No pasan cinco segundos después de tocar a la puerta cuando ya han atendido al llamado. Por lo general, los porteros son los mismos abuelos que se encuentran en mejores condiciones anímicas y físicas. Aunque el ancianato es un solo lugar, desde el momento de la entrada se perciben mundos diferentes que conviven en uno solo.
“Dos meses completé, soy de Pasto. Pero yo no me amaño aquí. Tengo tres hijos, pero ellos están en Pasto. Yo estaba enferma y por eso fue que me trajeron a ver si me recuperaba. Tenía mal los nervios, una depresión que me agarró, la gastritis y no más, y pues para que me mejorara mis hijos me trajeron aquí. Sabían venir a visitarme, pero en estos días no han venido, quién sabe, ocupados que han de andar, pero ya dentro de poquito me voy porque yo ya me siento mejor.”

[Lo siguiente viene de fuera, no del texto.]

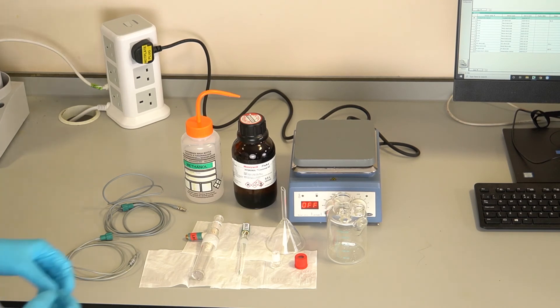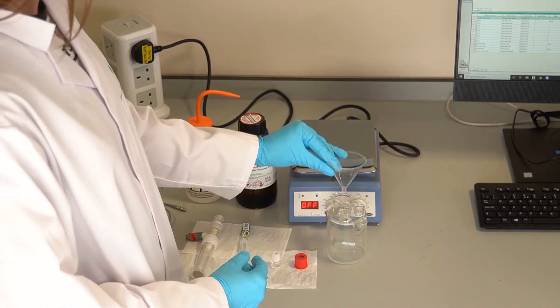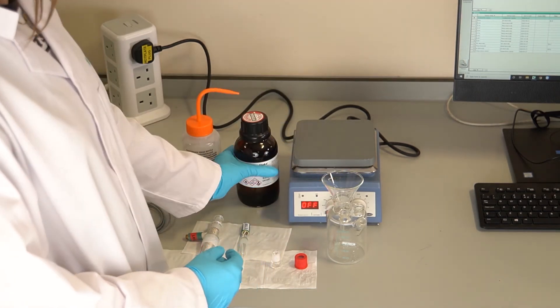Once all residual water has been removed, add fresh Karl Fischer reagent. We recommend 150ml of reagent for coulometric cells.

Ilda Jaramillo, es una abuela de Pasto internada en el asilo San Vicente de Paúl. Ojos negros y cabello blanco, contextura delgada, piel trigueña se combinan con el vestido azul aguamarina que hoy luce, nada que ver con los tenis negros marca Venus que complementan su vestuario. Aquí los tenis Venus son un referente común entre todos los huéspedes, aquí no importan prejuicios, modas o estéticas, aquí todo se recibe con cariño y se agradece. Es una mujer muy conservada a pesar de tener 70 años. A simple vista se puede observar su fortaleza. Es distinta a las demás abuelas con quienes convive pero, sólo si se observa bien, el miedo que esconde brota de sus ojos y en general de su rostro. Tiene miedo de perderse en el abismo profundo en el que viven las demás, aún tiene la esperanza de salir. Piensa que su estadía en aquel lugar debe terminar.
Con engaños, obligados o por su propia voluntad han ingresado al ancianato los 65 abuelos que conviven en este lugar. El espacio de paredes amarillas con ventanas y puertas de madera es grande y podría decirse que cómodo. Su estilo es particular, diversas materas parecieran sustituir las fichas de un tablero enorme de ajedrez que asemeja la forma del suelo por la posición y color de sus baldosas verdes y amarillas. Está clasificado en tres secciones: el primer piso lo ocupan los hombres, el segundo las mujeres y una tercera zona, también ubicada en el primer piso, los abuelos pensionados. Esta sección, a diferencia de las otras dos, es más pequeña, pero sus huéspedes han sido beneficiados con una habitación para cada uno. Los demás duermen por grupos en las respectivas habitaciones o salones.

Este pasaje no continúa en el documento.